ここでの選択が後々の結果に大きく響いてくる以上、迂闊な判断は命取りだろう。
「そういうものなんですかな……?
でも、私としては【包丁戦士】さんにはもっと欲張りに行って欲しいですな!
狂人、プレイヤーキラーとしての悪評をものともしない【包丁戦士】さんの心意気が私は好きなのです。
それとも、大胆なのはプレイヤーキラーとして活動している時だけなのですかな?」
俺は野菜屋台のおっちゃんの言葉を聞いてハッとした。
そうだ、俺はどうやら考えすぎていたようだ。
考え込みすぎて選択肢を自分で減らしていたのはなんとも情けない。
これでは「生産プレイヤーとして失格ですよ」と【釣竿剣士】に怒られてしまっても仕方がない。
そう包丁次元のMVPプレイヤーである俺が堂々としなくてどうするんだ!
野菜のおっちゃん!俺は決めたぞ!
「ほうほう、決まりましたですな?」
俺は美味しさと戦闘力、どちらにも貢献できるアイテム……いや、料理アイテムを作るぞ!
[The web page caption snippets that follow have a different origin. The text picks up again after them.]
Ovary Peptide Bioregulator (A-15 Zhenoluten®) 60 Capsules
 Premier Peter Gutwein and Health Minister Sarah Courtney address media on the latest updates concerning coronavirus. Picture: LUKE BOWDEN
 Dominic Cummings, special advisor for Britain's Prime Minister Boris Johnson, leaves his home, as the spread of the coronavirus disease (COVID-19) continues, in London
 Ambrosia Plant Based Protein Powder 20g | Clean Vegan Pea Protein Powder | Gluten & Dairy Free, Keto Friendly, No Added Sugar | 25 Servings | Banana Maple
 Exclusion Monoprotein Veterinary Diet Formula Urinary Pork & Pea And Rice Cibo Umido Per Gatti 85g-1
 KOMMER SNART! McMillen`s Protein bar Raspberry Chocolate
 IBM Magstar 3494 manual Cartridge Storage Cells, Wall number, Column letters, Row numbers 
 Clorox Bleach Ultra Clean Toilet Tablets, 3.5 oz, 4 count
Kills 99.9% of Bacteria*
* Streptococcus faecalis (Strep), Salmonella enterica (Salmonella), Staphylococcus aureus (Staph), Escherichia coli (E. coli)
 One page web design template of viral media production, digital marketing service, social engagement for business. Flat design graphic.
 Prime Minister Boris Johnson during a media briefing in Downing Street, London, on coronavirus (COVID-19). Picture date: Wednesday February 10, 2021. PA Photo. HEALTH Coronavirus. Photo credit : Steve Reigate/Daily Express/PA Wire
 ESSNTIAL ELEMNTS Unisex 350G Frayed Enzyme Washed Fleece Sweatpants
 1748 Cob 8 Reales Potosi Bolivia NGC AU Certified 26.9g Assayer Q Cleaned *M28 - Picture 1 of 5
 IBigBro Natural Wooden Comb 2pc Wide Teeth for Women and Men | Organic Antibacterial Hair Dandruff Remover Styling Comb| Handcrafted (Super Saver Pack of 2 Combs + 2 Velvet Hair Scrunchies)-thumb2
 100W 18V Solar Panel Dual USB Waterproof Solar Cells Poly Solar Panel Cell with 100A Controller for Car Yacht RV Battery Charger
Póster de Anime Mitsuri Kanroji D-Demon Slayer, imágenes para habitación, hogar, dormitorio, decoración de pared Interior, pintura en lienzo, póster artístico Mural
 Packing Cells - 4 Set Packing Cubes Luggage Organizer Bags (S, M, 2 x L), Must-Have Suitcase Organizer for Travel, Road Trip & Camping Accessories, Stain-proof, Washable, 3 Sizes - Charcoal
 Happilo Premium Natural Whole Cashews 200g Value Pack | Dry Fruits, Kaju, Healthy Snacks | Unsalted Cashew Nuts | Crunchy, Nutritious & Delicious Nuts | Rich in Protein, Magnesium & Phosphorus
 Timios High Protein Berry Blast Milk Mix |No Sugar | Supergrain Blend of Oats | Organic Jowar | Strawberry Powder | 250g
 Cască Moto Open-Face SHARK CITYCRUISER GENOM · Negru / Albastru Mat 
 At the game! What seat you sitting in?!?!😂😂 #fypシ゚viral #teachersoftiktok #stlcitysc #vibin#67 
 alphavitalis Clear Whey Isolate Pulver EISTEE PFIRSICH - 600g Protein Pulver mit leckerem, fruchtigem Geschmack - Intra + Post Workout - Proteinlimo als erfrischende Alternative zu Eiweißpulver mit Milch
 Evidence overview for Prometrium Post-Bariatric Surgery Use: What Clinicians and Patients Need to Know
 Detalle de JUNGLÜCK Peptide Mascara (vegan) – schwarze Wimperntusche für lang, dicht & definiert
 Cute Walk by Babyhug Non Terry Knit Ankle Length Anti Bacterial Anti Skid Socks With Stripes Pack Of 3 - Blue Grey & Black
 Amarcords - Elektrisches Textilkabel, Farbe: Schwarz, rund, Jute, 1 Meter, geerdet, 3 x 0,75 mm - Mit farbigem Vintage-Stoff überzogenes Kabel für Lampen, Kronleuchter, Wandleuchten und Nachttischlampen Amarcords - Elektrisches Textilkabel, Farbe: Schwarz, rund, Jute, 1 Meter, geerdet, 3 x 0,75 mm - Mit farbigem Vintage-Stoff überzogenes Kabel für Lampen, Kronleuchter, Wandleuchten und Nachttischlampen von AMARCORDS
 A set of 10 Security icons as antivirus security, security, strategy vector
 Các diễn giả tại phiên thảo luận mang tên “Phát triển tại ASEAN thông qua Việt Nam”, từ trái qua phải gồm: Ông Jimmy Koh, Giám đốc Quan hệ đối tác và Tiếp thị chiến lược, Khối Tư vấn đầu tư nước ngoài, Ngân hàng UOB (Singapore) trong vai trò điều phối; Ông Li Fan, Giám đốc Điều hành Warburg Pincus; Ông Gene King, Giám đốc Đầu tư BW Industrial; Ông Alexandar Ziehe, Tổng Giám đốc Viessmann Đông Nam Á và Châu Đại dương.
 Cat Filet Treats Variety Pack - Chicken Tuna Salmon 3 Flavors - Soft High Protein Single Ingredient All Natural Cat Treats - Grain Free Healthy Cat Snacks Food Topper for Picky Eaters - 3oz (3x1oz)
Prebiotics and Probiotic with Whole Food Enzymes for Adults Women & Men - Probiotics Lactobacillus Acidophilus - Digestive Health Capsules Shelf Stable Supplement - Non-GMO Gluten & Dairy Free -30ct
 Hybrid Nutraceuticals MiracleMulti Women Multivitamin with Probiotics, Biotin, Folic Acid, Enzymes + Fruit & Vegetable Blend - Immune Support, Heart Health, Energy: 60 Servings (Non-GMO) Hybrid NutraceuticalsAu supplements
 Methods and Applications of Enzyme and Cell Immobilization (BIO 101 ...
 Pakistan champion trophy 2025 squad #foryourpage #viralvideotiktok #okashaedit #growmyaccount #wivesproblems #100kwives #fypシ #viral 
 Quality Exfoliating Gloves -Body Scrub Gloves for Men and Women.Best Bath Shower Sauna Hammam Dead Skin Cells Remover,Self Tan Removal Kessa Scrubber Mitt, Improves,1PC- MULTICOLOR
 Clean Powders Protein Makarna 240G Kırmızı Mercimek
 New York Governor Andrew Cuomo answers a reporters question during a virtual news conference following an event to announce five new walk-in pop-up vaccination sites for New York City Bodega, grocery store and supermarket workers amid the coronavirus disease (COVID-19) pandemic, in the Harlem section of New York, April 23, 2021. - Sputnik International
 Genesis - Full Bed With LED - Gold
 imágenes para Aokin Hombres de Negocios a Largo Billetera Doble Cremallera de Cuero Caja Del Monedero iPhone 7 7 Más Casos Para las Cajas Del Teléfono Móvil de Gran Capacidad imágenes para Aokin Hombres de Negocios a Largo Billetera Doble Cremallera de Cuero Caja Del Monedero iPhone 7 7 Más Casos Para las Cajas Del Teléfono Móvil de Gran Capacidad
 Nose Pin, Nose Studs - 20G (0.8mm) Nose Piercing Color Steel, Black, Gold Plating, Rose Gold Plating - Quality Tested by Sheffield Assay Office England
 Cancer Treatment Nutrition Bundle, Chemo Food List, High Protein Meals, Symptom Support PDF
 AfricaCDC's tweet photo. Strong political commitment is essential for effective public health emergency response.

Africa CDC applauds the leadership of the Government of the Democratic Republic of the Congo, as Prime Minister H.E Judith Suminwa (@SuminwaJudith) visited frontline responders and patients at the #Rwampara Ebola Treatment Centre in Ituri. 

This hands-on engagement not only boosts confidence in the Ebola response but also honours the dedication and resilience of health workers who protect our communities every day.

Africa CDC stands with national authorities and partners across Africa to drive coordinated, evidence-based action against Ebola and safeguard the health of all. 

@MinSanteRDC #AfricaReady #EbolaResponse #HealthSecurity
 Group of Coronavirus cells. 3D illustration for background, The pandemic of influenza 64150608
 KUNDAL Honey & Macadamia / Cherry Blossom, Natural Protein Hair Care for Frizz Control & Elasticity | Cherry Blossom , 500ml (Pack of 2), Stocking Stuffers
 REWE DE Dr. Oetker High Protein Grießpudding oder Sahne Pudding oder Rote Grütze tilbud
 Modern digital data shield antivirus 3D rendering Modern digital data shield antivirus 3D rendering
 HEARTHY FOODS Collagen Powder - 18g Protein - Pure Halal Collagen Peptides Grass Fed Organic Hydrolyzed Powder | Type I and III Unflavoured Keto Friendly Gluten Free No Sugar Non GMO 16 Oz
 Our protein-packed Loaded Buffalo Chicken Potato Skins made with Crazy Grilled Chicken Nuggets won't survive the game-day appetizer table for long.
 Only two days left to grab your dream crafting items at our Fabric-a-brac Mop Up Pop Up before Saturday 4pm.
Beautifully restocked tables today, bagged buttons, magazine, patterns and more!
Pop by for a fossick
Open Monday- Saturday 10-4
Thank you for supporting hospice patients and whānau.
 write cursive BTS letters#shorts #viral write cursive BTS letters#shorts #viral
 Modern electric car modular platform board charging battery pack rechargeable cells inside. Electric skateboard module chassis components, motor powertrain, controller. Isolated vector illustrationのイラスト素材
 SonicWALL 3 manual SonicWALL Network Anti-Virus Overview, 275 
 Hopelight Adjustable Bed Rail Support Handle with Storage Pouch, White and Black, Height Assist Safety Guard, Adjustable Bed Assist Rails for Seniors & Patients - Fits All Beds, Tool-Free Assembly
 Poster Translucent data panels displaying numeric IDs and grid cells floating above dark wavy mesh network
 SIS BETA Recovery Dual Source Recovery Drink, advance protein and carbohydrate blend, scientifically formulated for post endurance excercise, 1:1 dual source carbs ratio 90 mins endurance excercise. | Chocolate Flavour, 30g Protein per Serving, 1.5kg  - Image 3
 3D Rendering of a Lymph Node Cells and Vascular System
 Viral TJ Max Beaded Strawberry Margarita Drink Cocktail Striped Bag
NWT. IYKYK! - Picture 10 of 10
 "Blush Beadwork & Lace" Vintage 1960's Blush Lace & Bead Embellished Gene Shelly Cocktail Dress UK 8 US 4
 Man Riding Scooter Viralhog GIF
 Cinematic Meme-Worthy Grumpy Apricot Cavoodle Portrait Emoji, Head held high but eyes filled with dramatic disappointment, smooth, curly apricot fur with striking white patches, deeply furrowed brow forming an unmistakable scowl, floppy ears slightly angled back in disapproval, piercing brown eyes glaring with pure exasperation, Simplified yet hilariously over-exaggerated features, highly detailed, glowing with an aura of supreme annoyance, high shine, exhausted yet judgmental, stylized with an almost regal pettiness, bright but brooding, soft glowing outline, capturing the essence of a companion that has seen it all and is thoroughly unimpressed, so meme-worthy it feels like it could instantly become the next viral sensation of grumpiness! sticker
料理として味覚を重視するのでも、アイテムとしての性能を重視するのでもない。
俺はその両取りでいく!
どちらかに決めないといけないわけじゃないからな!
せっかくの機会だから俺は貪欲に両方を狙いにいってみる。
【暴食】の大罪を持ってるのに、作る料理は不味いなんて言われたら流石に俺でも泣くからな……ここは妥協したくないものある。
「それならば……前に渡した酩酊ブドウと相性がいいと分かっているものはどうですかな?
これがあれば二つの意味で、より一層刺激的なものが出来上がると思うのですな
そう言って俺に真っ赤なイチゴが入ったパックを手渡してきた。
このイチゴがあのレアアイテムの酩酊ブドウと相性がいいのか?
一見すると普通のイチゴに見えるんだが、レアアイテムに釣り合うのか?
下手なものを加えて完成品を劣化させるのを避けたいからな。
「それは安心するといいですな。
このイチゴは【激情イチゴ】と呼ばれているレアアイテムなのです。
食べると一定時間感情の昂りが抑えきれなくなる逸品ですな」
ほう、これまたおもしろいアイテムだな。
感情に働きかけるとはまた奇抜な効果だ。
そして、その効果を聞いて【酩酊ブドウ】との相性の良さにも気がついた。
ふふふ、これは面白いものができるかもしれないぞ!
頼みますから美味しいものをお願いします。